Les succès exceptionnels de l’implantologie sont le fruit de procédures maîtrisées réalisées dans des conditions optimales. L’asepsie, dès le début avec son inventeur, le Professeur Branemark, a été mise en exergue, comme élément capital de la pratique de l’implantologie chirurgicale.

Si certains se risquent à ne préconiser que des conditions d’asepsie « relative », nous restons pour nous fidèles aux préceptes enseignés par le fondateur de l’implantologie.
Car bien faire, n’est souvent pas plus difficile que de mal faire.
Car mettre un implant dans un maxillaire, c’est insérer un corps étranger dans un os.
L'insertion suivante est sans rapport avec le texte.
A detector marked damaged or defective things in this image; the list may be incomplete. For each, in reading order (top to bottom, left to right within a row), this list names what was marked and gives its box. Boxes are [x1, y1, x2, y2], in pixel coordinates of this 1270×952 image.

Et mettre un corps étranger dans des conditions d’asepsie « relative », c’est prendre le risque d’avoir un sepsis, c'est-à-dire une infection qui se développe au contact de l’implant, avec comme conséquence la perte de l’implant.
Et puis la notion de relativité en la matière est très floue, porte ouverte à des dérives où il n’y a plus d’asepsie du tout, l’attitude laxiste autorisant alors tout et n’importe quoi, comme de poser des implants entre un détartrage et un meulage d’appareil dentaire hors d’âge…
Un cabinet de dentisterie générale n'est pas toujours organisé et structuré de façon satisfaisante pour répondre aux exigences de qualité recommandées par les experts...

La prudence en la matière est donc fortement à recommander, face à des propositions fantaisistes… Nous ne pouvons qu’inciter ceux qui relèveraient de tels traitements à bien s’informer quant aux conditions dans lesquelles les implants qui leur sont proposés, seront posés. Une salle dédiée à la chirurgie implantaire, ou du moins aux actes chirurgicaux, est indispensable.
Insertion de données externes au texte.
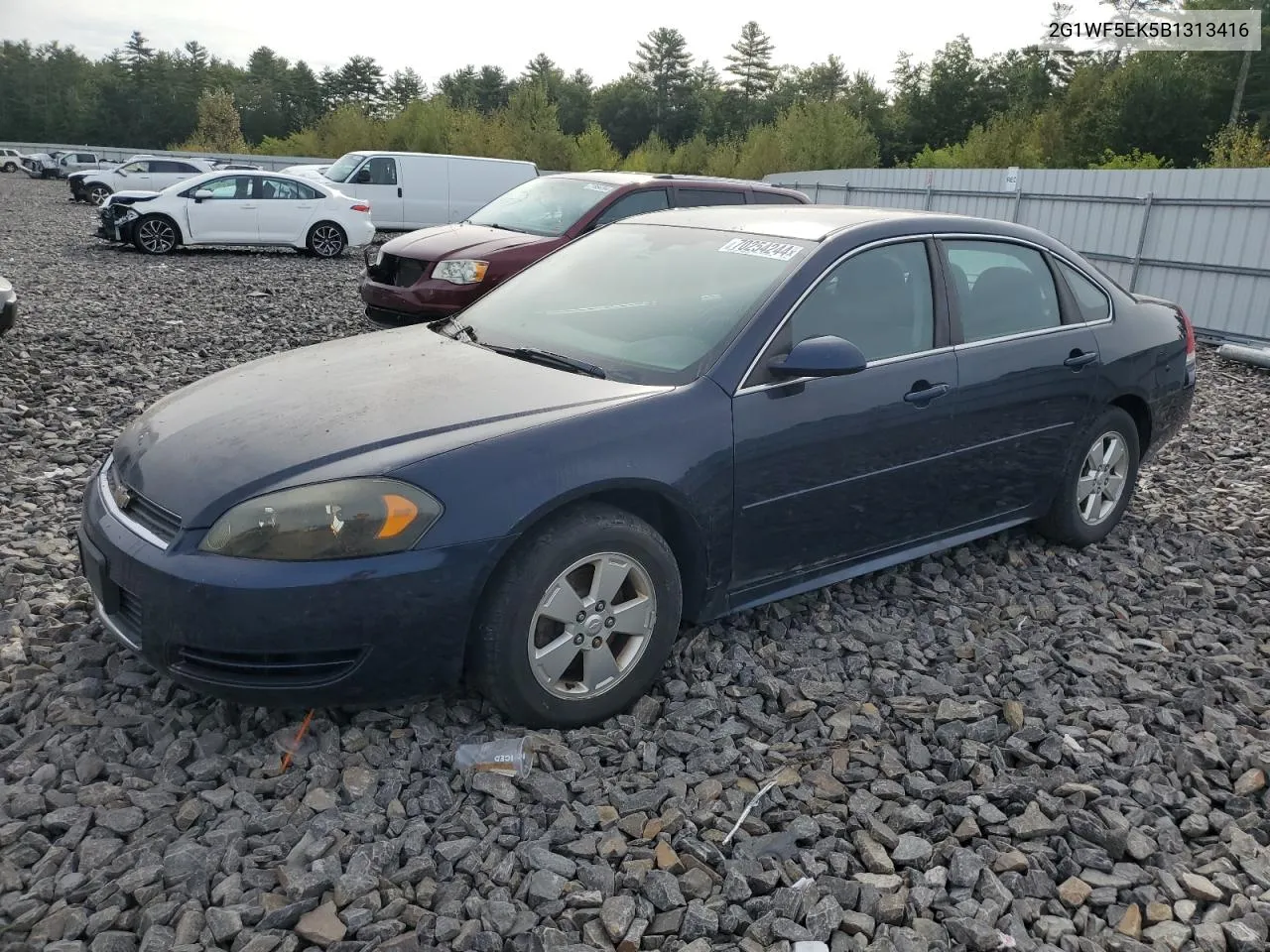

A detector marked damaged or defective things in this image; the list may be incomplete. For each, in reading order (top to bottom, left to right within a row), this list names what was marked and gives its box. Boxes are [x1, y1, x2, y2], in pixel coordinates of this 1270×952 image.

crashed car front end [95, 193, 161, 243]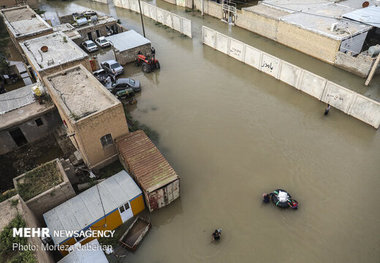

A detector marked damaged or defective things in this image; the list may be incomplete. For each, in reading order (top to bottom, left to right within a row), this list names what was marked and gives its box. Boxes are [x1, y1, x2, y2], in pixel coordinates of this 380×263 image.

rusty metal roof [117, 131, 180, 193]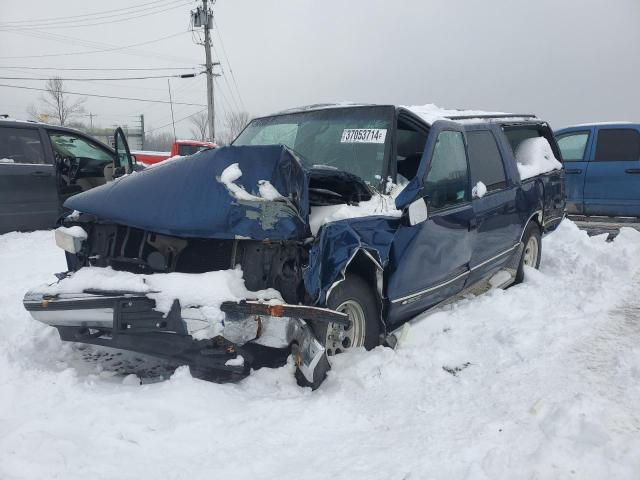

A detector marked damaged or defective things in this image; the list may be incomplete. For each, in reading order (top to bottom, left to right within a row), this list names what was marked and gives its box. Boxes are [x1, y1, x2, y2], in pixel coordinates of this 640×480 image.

crumpled hood [66, 143, 312, 239]
shattered windshield [231, 106, 390, 185]
smashed front end [22, 146, 378, 386]
wrecked blue suv [23, 103, 564, 388]
detached bumper [22, 288, 348, 386]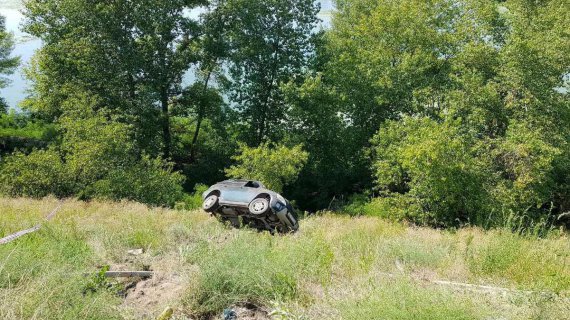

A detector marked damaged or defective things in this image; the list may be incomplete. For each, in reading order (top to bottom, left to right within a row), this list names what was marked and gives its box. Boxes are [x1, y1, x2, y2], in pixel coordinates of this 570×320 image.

overturned car [201, 180, 298, 232]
Poser des implants autrement, c’est prendre des risques et en faire courir à son patient, choses qui ne sont plus acceptables aujourd’hui.

Une installation a minima, avec des cheveux que les gants de l’opérateur effleurent, et un fil de suture qui se promène sur les vêtements du patient, ce n’est pas de l’asepsie relative, c’est une absence d’asepsie.

Les implants doivent être posés dans des conditions le plus proche possible de celles d’un Bloc opératoire, avec une installation appropriée, une aide opératoire qui sait faire zéro faute d’asepsie, une porte de salle qui reste fermée pendant l’acte, et une assistante qui ne fait pas des allées et venues pour répondre au téléphone…

Le Spécialiste, lui, habitué à opérer, est un familier de l’asepsie. Il ne fait pas d’effort pour « faire » de l’asepsie, car c’est sa seconde nature. Coutumier des champs opératoires et pour certains des Blocs opératoires en Clinique, pour lui c’est évident, et il n’a pas d’automatisme à contre temps.
Et pour vous, patient, c’est un gage que tout ce qui sera mis en œuvre pour votre traitement, sera bien fait, dans les règles de l’art.